Task material Block Start

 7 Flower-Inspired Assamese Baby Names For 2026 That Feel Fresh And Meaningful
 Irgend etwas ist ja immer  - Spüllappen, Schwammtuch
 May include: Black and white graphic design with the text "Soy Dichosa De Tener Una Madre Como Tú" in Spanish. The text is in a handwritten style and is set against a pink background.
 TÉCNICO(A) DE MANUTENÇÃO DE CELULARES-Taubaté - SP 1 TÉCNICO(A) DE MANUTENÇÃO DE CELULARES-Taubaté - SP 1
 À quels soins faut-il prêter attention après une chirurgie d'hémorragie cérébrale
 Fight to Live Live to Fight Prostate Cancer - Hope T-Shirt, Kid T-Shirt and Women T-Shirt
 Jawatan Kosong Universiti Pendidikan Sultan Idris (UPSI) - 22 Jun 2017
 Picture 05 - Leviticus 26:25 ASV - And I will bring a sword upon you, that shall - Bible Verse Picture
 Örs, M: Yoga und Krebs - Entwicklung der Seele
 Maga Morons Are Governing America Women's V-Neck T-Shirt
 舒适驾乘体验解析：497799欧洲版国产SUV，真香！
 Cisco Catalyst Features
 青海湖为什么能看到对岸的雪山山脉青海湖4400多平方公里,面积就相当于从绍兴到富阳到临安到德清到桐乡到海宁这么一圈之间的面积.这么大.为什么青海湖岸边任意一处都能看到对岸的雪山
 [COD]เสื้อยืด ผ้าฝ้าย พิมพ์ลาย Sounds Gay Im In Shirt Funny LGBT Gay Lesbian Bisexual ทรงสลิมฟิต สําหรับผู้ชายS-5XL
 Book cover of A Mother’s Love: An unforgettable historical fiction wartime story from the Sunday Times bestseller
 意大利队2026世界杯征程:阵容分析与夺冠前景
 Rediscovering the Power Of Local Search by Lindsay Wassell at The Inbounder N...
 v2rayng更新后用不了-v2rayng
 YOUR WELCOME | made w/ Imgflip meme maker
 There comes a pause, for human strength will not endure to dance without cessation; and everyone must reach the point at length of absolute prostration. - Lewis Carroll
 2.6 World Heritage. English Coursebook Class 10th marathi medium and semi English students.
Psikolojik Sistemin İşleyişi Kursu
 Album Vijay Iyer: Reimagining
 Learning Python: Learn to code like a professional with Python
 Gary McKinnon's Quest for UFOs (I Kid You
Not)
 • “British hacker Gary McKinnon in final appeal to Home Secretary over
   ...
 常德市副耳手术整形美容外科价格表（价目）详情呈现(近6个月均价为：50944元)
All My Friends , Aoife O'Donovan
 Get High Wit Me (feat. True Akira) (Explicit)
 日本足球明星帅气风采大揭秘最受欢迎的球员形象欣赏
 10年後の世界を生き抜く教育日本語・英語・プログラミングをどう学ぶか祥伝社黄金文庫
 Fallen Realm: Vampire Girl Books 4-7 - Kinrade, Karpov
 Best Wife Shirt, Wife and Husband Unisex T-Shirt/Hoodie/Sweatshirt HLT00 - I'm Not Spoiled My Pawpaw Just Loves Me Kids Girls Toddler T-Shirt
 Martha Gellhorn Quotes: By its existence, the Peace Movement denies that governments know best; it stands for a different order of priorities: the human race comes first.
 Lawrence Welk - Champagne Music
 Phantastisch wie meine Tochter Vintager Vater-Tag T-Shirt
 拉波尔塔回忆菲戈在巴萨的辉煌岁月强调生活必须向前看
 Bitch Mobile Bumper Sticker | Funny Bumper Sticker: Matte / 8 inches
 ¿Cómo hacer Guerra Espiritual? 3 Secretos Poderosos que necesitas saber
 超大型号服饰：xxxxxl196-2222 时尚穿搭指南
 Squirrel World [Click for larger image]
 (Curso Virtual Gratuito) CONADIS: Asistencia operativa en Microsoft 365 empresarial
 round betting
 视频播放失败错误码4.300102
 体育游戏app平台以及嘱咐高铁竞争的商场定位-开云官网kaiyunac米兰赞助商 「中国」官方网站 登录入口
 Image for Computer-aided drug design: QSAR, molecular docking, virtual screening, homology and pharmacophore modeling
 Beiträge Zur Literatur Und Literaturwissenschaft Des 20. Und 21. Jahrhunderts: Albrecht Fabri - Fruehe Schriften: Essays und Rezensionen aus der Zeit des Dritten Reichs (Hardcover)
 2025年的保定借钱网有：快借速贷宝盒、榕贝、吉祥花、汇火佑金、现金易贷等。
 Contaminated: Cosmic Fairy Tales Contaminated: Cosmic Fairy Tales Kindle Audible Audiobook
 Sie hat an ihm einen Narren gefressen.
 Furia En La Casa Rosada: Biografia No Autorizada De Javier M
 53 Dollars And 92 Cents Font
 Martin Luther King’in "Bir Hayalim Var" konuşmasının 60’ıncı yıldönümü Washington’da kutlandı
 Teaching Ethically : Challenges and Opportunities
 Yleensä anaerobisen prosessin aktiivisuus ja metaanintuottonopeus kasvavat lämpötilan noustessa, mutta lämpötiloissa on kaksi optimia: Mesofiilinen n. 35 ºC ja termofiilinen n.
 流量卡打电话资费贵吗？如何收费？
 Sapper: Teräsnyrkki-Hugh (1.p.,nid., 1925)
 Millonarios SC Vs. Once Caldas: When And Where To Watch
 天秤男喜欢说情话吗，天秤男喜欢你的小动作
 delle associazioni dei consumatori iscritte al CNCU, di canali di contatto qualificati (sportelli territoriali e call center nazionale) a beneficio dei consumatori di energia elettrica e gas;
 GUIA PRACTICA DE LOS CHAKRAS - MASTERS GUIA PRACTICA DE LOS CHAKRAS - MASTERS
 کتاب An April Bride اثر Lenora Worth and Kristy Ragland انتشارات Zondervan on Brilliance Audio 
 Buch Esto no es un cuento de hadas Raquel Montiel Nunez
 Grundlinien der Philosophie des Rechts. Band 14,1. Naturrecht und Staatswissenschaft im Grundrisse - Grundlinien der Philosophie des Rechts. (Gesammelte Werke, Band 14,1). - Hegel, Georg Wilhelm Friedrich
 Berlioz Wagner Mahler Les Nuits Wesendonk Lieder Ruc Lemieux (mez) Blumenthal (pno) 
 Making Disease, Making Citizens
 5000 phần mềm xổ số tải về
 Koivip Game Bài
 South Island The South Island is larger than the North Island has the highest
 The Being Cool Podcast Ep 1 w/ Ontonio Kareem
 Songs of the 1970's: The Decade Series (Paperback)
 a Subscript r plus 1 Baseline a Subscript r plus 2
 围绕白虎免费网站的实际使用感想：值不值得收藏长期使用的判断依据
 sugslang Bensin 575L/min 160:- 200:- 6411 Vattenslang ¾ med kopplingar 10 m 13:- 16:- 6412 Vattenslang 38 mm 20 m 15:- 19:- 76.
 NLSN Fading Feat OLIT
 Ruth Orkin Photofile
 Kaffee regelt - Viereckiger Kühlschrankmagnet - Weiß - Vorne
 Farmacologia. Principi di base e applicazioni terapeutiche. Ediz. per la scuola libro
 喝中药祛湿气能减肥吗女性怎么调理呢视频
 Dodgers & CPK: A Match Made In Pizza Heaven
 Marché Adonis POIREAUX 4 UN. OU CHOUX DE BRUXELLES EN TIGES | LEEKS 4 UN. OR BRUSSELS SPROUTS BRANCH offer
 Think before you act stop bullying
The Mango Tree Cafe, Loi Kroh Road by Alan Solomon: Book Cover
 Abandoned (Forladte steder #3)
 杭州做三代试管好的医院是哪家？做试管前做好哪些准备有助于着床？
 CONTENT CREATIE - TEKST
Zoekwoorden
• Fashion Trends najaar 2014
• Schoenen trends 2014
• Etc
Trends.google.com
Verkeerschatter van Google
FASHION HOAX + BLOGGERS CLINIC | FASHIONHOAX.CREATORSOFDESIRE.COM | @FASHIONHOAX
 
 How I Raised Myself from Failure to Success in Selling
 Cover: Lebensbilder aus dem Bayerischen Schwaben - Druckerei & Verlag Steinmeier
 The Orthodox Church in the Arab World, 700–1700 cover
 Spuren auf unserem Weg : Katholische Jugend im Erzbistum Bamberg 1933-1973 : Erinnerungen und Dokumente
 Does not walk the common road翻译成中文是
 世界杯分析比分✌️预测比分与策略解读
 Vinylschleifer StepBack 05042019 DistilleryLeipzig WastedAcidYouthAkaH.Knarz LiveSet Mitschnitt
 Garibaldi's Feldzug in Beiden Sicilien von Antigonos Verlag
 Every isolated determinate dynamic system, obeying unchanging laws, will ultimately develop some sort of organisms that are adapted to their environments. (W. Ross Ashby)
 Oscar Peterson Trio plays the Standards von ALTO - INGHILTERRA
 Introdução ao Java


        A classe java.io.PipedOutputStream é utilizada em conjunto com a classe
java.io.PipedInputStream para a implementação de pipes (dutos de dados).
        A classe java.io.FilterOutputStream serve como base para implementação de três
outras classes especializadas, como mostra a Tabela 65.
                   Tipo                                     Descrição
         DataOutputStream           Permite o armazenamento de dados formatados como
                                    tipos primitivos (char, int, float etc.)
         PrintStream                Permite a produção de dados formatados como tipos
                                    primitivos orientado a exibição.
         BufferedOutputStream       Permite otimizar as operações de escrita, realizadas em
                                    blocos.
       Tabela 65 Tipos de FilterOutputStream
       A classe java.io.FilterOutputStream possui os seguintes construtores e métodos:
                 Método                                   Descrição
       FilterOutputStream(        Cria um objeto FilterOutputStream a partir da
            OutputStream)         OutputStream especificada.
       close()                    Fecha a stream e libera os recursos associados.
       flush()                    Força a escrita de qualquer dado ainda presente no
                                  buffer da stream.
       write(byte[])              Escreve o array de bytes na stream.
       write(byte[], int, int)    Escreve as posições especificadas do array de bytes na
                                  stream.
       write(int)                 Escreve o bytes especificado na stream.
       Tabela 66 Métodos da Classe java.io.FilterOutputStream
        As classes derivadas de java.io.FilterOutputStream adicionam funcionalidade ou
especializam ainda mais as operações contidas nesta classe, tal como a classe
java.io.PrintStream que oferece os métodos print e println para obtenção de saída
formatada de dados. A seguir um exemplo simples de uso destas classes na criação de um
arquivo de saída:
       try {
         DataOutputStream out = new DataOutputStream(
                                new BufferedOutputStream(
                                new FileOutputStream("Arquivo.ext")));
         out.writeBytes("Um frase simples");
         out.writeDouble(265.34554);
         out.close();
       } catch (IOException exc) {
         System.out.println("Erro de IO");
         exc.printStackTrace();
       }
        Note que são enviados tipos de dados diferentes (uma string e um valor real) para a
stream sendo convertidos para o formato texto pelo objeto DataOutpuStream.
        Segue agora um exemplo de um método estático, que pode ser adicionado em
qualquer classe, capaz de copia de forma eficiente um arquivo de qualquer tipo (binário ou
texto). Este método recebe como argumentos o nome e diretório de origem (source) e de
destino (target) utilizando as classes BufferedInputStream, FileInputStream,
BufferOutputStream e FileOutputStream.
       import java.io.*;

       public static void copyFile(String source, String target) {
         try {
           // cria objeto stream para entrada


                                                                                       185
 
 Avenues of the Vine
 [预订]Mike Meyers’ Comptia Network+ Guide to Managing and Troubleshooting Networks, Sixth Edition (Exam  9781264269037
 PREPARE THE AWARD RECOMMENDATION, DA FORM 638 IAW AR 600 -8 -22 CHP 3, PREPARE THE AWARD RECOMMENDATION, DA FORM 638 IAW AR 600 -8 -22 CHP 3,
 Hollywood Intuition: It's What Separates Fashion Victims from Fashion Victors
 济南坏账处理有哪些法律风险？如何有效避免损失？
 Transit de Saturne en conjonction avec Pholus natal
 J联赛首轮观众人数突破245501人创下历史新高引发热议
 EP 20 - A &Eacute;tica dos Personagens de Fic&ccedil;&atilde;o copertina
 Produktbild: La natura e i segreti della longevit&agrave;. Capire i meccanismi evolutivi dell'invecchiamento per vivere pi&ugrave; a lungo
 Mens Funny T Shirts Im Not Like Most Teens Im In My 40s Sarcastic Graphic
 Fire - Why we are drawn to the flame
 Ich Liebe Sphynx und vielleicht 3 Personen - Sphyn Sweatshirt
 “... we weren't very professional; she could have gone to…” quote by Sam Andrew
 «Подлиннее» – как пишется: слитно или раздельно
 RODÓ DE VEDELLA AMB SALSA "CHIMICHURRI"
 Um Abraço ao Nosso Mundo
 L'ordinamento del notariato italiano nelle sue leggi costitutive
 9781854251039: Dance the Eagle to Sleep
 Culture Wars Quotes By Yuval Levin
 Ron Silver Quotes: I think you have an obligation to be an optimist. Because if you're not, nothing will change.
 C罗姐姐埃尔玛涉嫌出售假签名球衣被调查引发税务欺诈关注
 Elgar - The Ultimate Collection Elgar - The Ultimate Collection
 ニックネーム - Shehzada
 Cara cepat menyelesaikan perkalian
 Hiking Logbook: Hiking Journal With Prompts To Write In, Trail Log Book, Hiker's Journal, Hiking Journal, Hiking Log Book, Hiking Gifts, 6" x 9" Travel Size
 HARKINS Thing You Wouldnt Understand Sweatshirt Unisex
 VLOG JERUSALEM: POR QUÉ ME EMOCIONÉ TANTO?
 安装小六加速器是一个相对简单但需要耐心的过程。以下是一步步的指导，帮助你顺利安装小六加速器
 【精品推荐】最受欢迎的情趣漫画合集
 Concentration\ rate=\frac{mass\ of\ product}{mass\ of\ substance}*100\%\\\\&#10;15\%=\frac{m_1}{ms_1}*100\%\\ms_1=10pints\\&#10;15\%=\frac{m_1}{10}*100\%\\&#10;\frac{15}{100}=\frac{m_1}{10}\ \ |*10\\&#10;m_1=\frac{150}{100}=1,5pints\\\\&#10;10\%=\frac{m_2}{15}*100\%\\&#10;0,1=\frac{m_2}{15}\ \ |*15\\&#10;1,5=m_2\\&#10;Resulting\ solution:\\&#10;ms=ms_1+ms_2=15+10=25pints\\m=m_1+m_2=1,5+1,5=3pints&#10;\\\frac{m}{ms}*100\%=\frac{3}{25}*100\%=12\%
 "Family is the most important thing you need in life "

Task material Block End

# Assignment
Whenever a line above contains "exemplo", copy that line.

# Output
formatada de dados. A seguir um exemplo simples de uso destas classes na criação de um
        Segue agora um exemplo de um método estático, que pode ser adicionado em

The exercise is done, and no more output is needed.